Historians in antiquity had mentioned Spanish mining wealth since the sixth century BCE. If Hannibal visited the silver mines near the Sierra Morena with his father, as he probably did, he would have seen that they continued for miles in all directions. The boy would also have heard the clang of iron and bronze on rock, hammers and picks seeking the glint of silver. Wooden ladders descended down into the pits all around, each of them echoing with ringing staccato blows and a din of voices. Man-made hills of ore would have been piled everywhere and the air filled with rock dust. The keen eyes of Hamilcar Barca would have missed nothing, as he likely calculated the time and labor required to amass a treasure of silver bullion.3
If in a few short years after 237 BCE Hamilcar was able to revive the old Phoenician silver mining operations, it would have been because he was intensely driven to pay back the Carthaginian indemnity to Rome as well as to build a new war chest against Rome. Even if he might not live to see it, he would make sure that Hannibal would. Hamilcar traversed Andalucia from east to west not just to reinvigorate the mining of silver but also to visit the Celtiberian tribes, which had a fragile alliance with Carthage.
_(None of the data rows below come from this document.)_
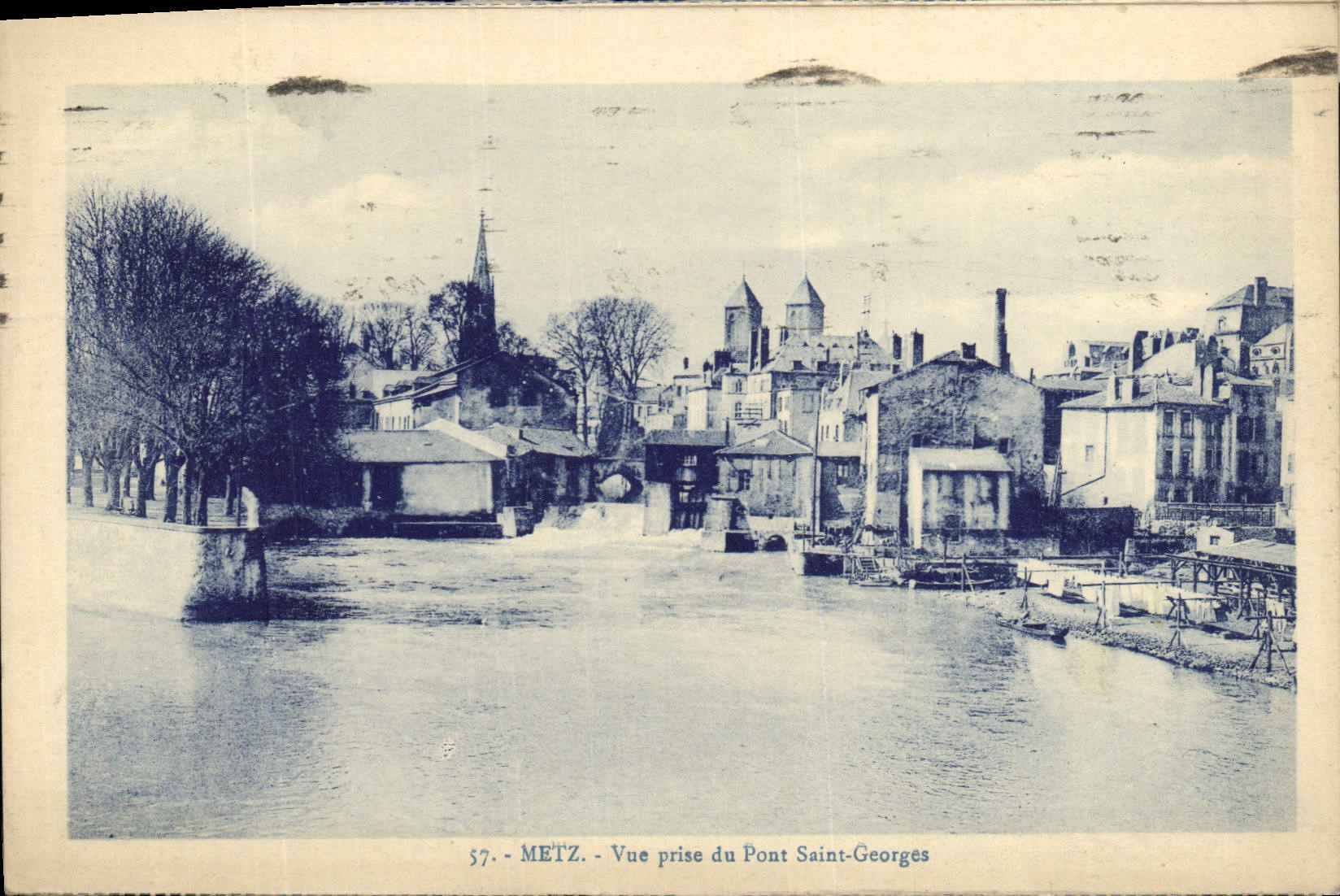 VINTAGE POSTCARD Metz Seen from of the Holy Bridge Georges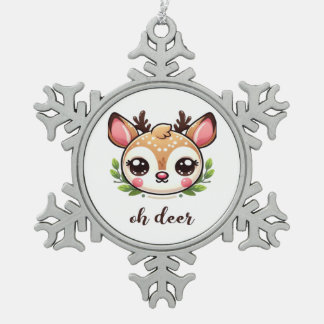 Oh Deer Cute Deer Minimal Design  Snowflake Pewter Christmas Ornament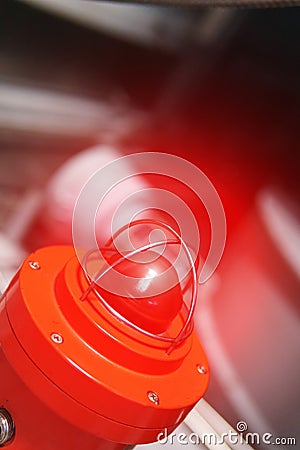 Red warning light of an emergency beacon at an industrial facility Stock Photo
The Phoenicians had been exploring this southern region of Spain for centuries. At first beaching their ships where wide rivers flowed out along the steep and cliff-indented coast, the Phoenicians had carefully scouted the land. Trading with the Iberian tribes that had slowly been processing the ubiquitous iron, the Phoenicians were always looking for metal and indigenous mining operations they could assimilate. Phoenician merchants had expanded their network of small trading posts, bringing finished products such as Near Eastern and Greek pottery, colored glass beads, and luxury items such as Egyptian ivory, spices, ostrich eggs, purple-dyed textiles for the ladies, and rough but practical textiles along with farming tools for the men in exchange for Iberian mineral and other goods. The Phoenicians were careful not to arm the Iberians with weapons that could be turned against them. The local agricultural products and the teeming fisheries off the coast of Andalucia were also part of the Iberian network of natural wealth. Many fish-processing villages lined the Gulf of Cádiz coast. The island of Ibiza had been the site of a huge fishing industry since the seventh century BCE.
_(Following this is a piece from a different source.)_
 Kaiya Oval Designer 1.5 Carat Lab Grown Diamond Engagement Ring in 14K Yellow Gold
Posidonius the Greek philosopher wrote that the Phoenicians founded the colony of Gadir (also known as Gades, or Cádiz) around 1100 BCE. In Hannibal’s day, it was a thriving city, the center of all Phoenician mining trade in the region. Offspring of Phoenicians here were as proud of their early Temple of Melqart as their Carthaginian cousins were of the Temple of Eshmoun towering above Carthage on Bursa Hill. Along the coast, the local Iberians had also borrowed or adopted the gods of their masters the Carthaginians or joined them to their own deities. Symbols of the Carthaginian goddess Tanit could be seen painted on tombs or pebbled into pavements, her triangular skirt easily recognizable as a Punic religious icon, seen later in a mosaic at Selinus in Sicily.
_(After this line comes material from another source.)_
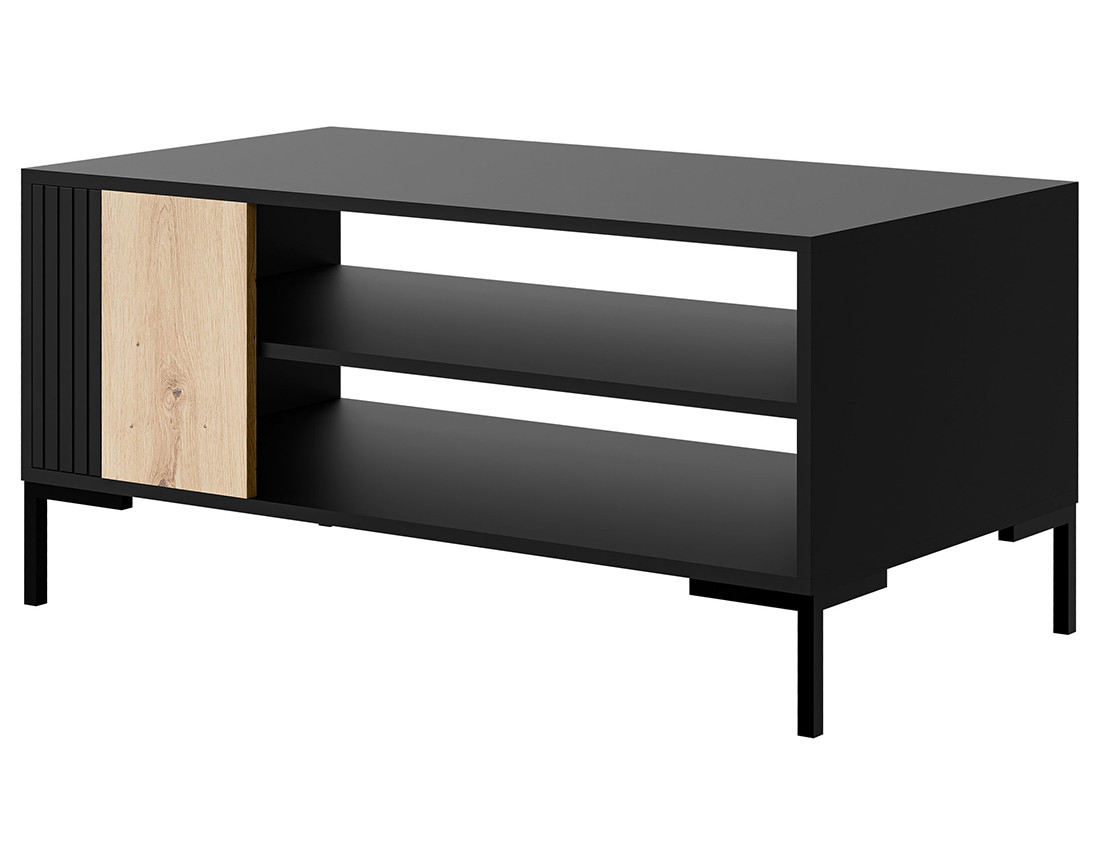 Table basse bois et noir 2 niches 100 cm Cambridge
On the frontiers of Andalucia were the hostile tribes of the Turdetani or Turdulli, who would give Hamilcar much grief. The Celtiberian north was still filled with fierce tribes and clans that were always threatening to muster enough men and weapons for raids on Phoenician outposts. Hamilcar had well-armed groups of trained veterans placed in forts and towns along the frontier that would communicate any unusual tribe movements to him on a regular basis. Messengers regularly went back and forth between the command centers such as Gades and the outposts, since communication was vital and protecting the mines was crucial. Sooner or later Hamilcar would have to move deeper into the interior and deal with the Celtiberian tribes.
Within two years after he left Carthage, Hamilcar Barca founded the Carthaginian colony of Akra Leuke on the Mediterranean coast of northern Andalucia, northeast of the city of Murcia. Akra Leuke sat below looming white plateaus, and its Greek name, meaning “white high place,” later became Alicante in Arabic during the medieval Moorish kingdom of al-Andalus.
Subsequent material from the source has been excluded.